Recent Articles on EA and Coping with Economic Gloom

A couple of news articles have come out recently about how emerging adults are dealing with the protracted economic gloom of the the past few years. One article, passed on to me by Tim Oblad, a graduate student in our department at Texas Tech, is entitled "Census Numbers Show Recession Taking Toll on Young Adults" (link). The article notes that:

In record-setting numbers, young adults struggling to find work are shunning long-distance moves to live with Mom and Dad, delaying marriage and buying fewer homes, often raising kids out of wedlock. They suffer from the highest unemployment since World War II and risk living in poverty more than others -- nearly 1 in 5.

Many emerging adults appear, in many ways, to be putting their lives on hold until the economy improves. The article suggests, however, that when job prospects get brighter, individuals who might by then be in their mid-20s "will have to compete with new graduates for entry-level career positions."

The article quotes Mark Mather of the Population Reference Bureau, which studies demographic and societal trends, and Mather makes an important point. The past few years' flagging economy didn't initiate the trends of young people delaying marriage, moving back home with their parents, and so forth, but the recession seems to be "accelerating" these pheonomena.

The other article, brought to the attention of the American Association for Public Opinion Research e-mail discussion group (in which I participate) by Leo Simonetta, is entitled "2010 Data Show Surge in Poor Young Families" (link).

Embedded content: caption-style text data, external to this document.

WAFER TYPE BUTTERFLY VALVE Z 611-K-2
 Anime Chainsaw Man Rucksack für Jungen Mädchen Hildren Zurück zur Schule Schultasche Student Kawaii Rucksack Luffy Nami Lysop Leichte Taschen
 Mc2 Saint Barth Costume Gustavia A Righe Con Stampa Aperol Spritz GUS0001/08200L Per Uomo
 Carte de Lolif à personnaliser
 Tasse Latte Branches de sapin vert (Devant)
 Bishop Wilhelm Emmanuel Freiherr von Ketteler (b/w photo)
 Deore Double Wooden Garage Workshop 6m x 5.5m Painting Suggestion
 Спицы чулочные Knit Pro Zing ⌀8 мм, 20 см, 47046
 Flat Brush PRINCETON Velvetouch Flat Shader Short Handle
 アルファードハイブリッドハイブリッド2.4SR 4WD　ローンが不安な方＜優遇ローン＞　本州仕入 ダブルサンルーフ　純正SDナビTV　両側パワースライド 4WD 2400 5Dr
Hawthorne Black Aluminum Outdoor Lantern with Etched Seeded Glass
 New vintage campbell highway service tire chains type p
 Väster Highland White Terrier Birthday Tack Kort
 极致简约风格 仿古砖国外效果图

The two articles share some of the same sources.

Most notably, the second article reports that, "More than one in three young families with children were living in poverty last year," with "young family" in this context apparently defined as the parents being younger than 30.

For decades, the U.S. economy has been rewarding those with greater education and/or punishing those with less education, depending on one's perspective. What's scary is how quickly this dynamic has exerted itself during the current recession. Again, quoting from the second article, "The number of men in their 20s with only a high school degree who worked full time fell by 22 percent from 2007 to 2010, while those with a college degree dropped by just 1 percent, according to census data."

Pretty gloomy stuff! On a separate but related note, Barbara Ray, a fellow writer on young-adulthood issues, has been working on a project called "Generation R" (for Recession).